Postby CAP » Sun May 03, 2015 1:11 pm

Well Richard Watham springs to mind – shudder. Although he’s hardly as sleazy. But he has the same stylistic coyness, disingenuousness. Wince. And there are a couple of German painters I’ve seen doing something vaguely similar to Currin – but that’s because of the example of Otto Dix. Not sure how much of an influence Dix was on Currin but Late Dix (i.e. 50s) is uncannily like Currin’s pinups. There’s one in the Scottish National Gallery, but I can’t find the URL for it just now. English artists are more likely to get suckered into the very fussy, virtuosity thing like Glenn Brown, Richard Patterson and Matthew Weir. Lot of that about and it’s just as bad. But at least they don’t pretend there’s something authentically vulgar or appropriately working class about it.

As for the aristocratic thing – that’s always been there. Patrons have to be rich, to be super patrons they need to be super rich. Most dealers used to start out collectors (hence rich, hence know one another) while new school dealers who pick up some shitty little degree in art history are either rich enough to pursue such an unpromising career path or connect with a patron at some point to allow them to move into dealing/schmoozing. But it seems trivial to observe that as a struggling artist you are dealing with top end money once there is serious interest in your work. I wouldn’t describe it even as aristocratic – that seems a typically American projection onto old European custom. These days it’s as likely to be in corporate livery, with a public school locution.

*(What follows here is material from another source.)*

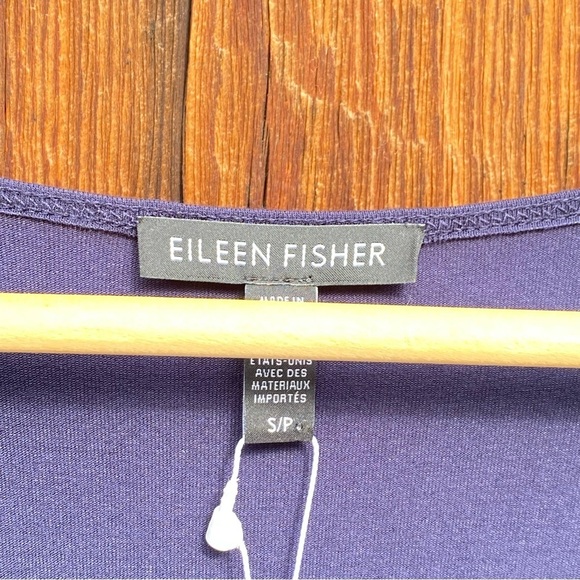 Eileen Fisher Viscose Jersey Sleeveless Dress in Midnight Size SP - Picture 5 of 9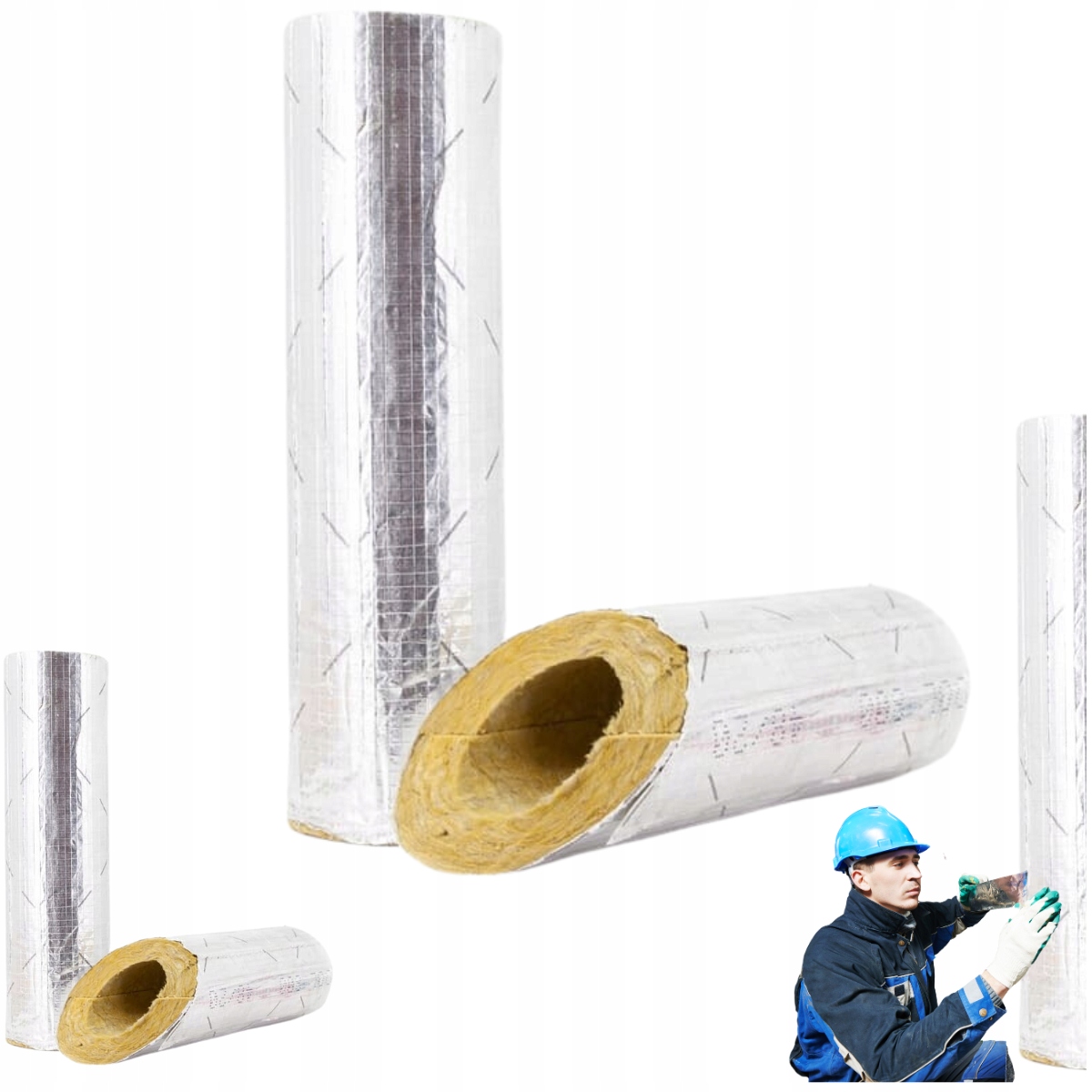 Obal Paroc z minerální vlny Hvac section alucoat T 108 mm, tloušťka 30 mm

Are they most comfortable dealing with their own kind? Not when it comes to artists, in my experience. They rather like the excitement of mixing with the other half, the rough trade and great unwashed. It's part of the myth. It’s part of the fun. Artists that feel cowed by the manners and savoir-faire of sponsorship are just on a steep learning curve, called social mobility. Yuskavage wants to play some kind of class card, but she has none. I’ve always tried to be tolerant of art world acquaintances on private incomes, yachts and islands, but somehow they are often acutely discomforted by my presence, on those few occasions. We’re not talking déclassé wardrobe or grooming so much as technical and art historical insights. In those cases, I’m not the pretender – there’s too much on the line for me – but those conversations are short because even the super rich are not really informed about the devilish detail. That takes a little too much dedication, rather spoils the fun.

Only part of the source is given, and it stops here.